▸ **RECORDS FOR PROCESSING**:
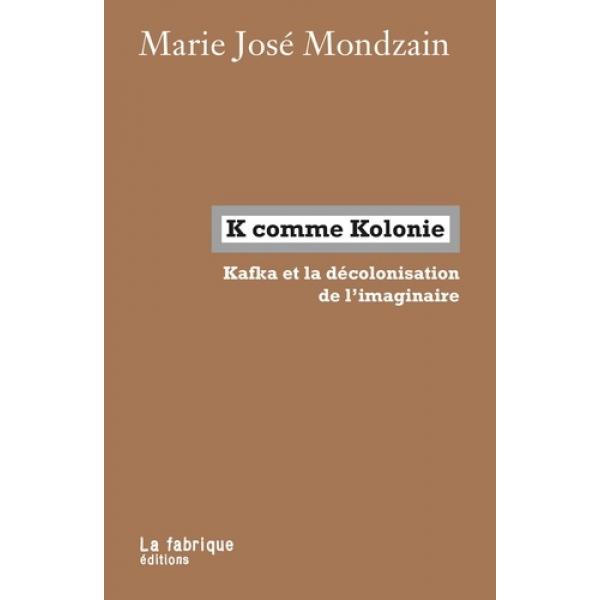 K comme Kolonie Kafka et la décolonisation de l'imaginaire 
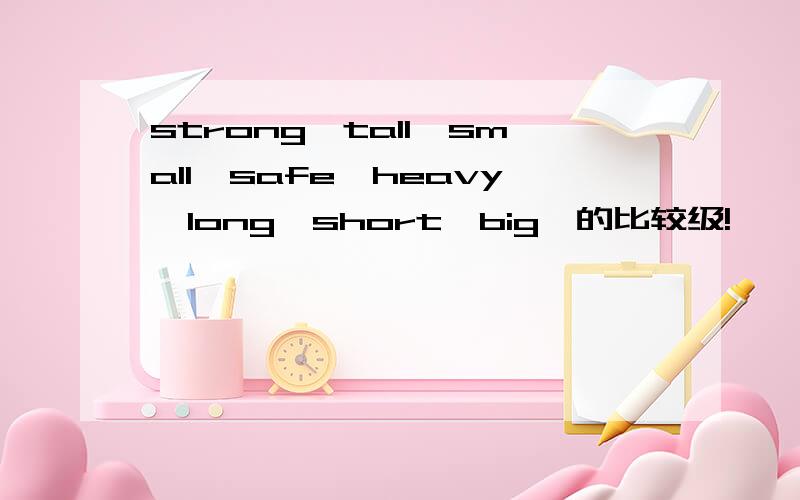 strong,tall,small,safe,heavy,long,short,big,的比较级!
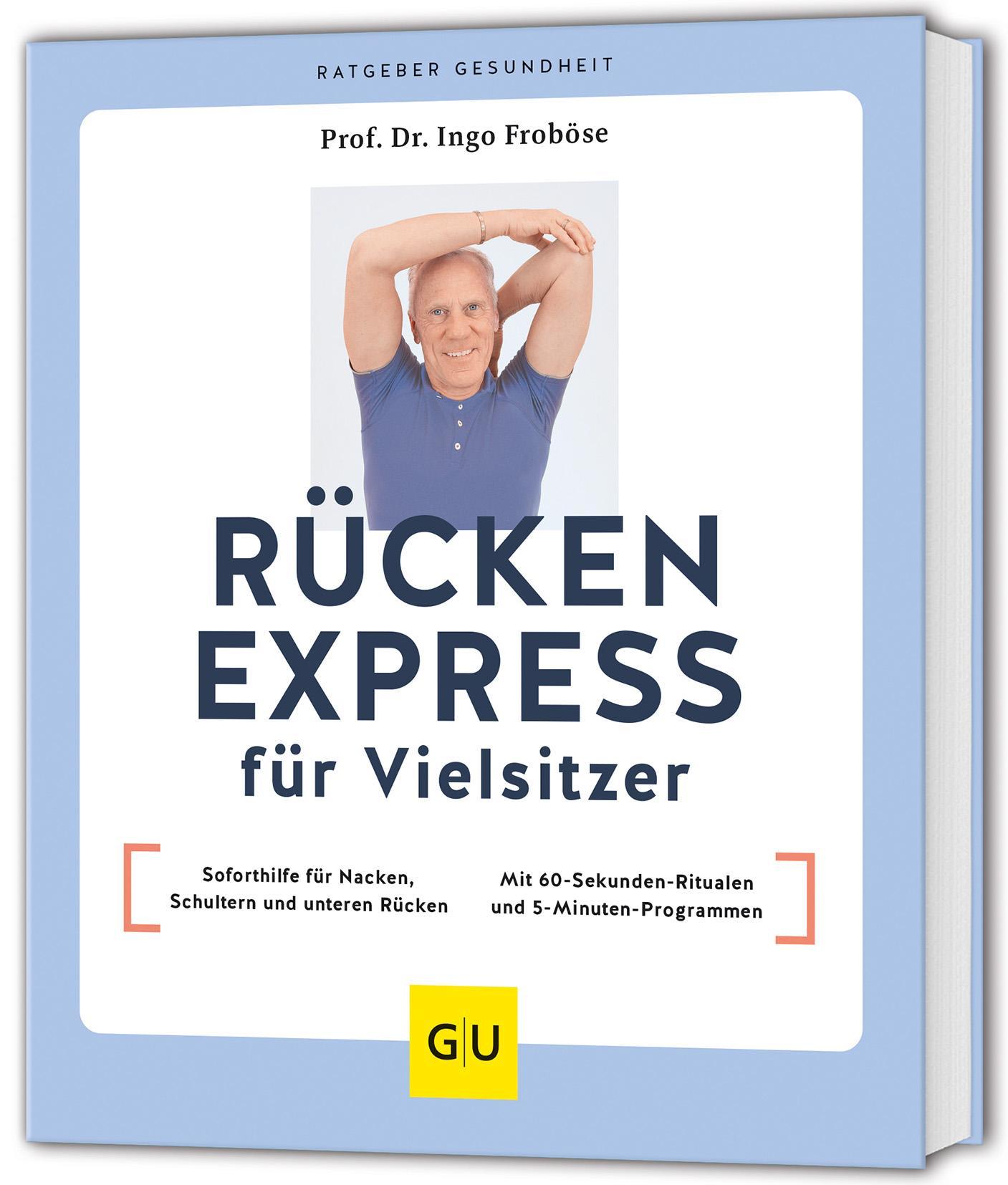 Froböse, Ingo/Rücken Express für Vielsitzer
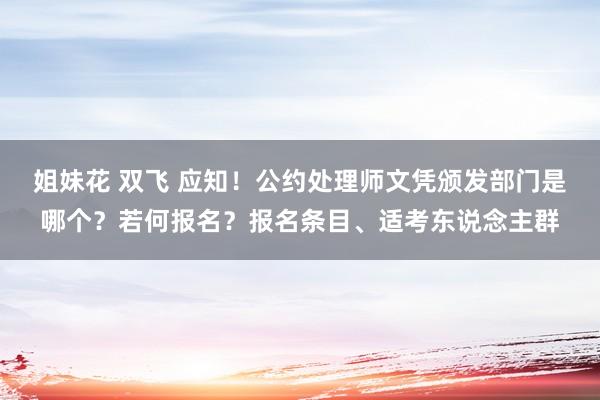 姐妹花 双飞 应知！公约处理师文凭颁发部门是哪个？若何报名？报名条目、适考东说念主群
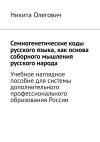 Книга Семиогенетические коды русского языка, как основа соборного мышления русского народа. Учебное наглядное пособие для системы дополнительного профессионального образования России автора Модест Майский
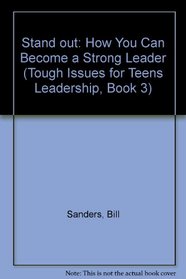 Stand Out: How You Can Become a Strong Leader (Tough Issues for Teens Leadership, Book 3)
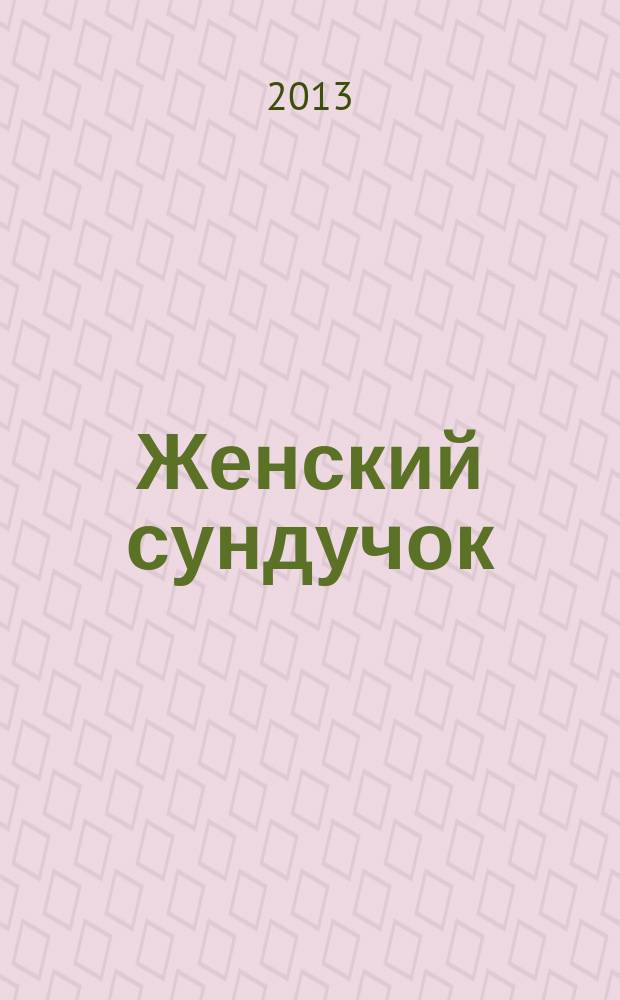 Женский сундучок : советы на все случаи жизни журнал о красоте и здоровье. 2013, № 2 (14)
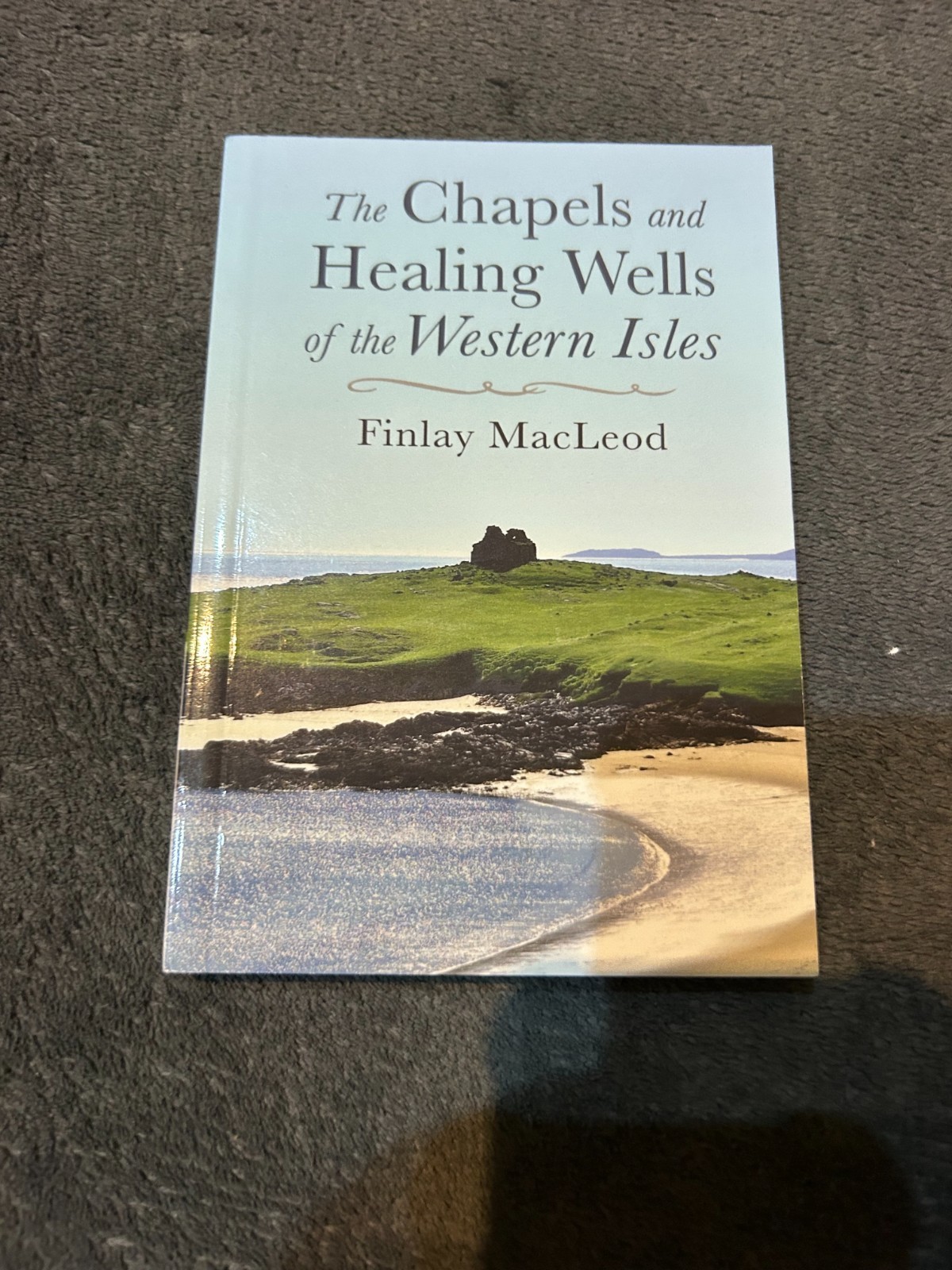 The Chapels and Healings Wells of the Western Isles - Finlay MacLeod (NEW)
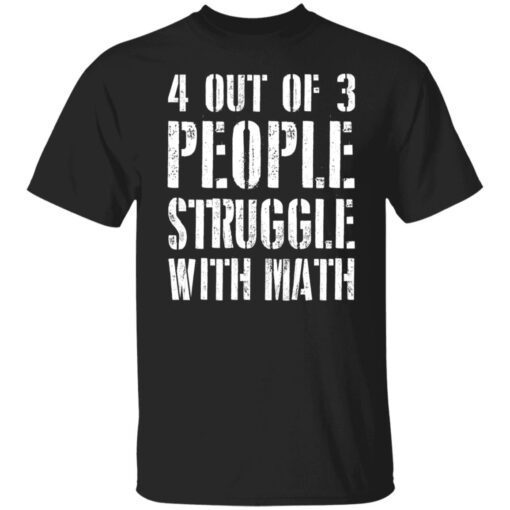 4 Out Of 3 People Struggle With Math Shirt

▸ **WORK TO BE COMPLETED**: The answer must be the part of the records that opens with the line containing "Froböse, Ingo/Rücken Express für Vielsitzer" and closes with the line containing "姐妹花 双飞 应知！公约处理师文凭颁发部门是哪个？若何报名？报名条目、适考东说念主群", reproduced exactly, with no pictures.

▸ **THE COMPLETED TASK**:
 Froböse, Ingo/Rücken Express für Vielsitzer
 姐妹花 双飞 应知！公约处理师文凭颁发部门是哪个？若何报名？报名条目、适考东说念主群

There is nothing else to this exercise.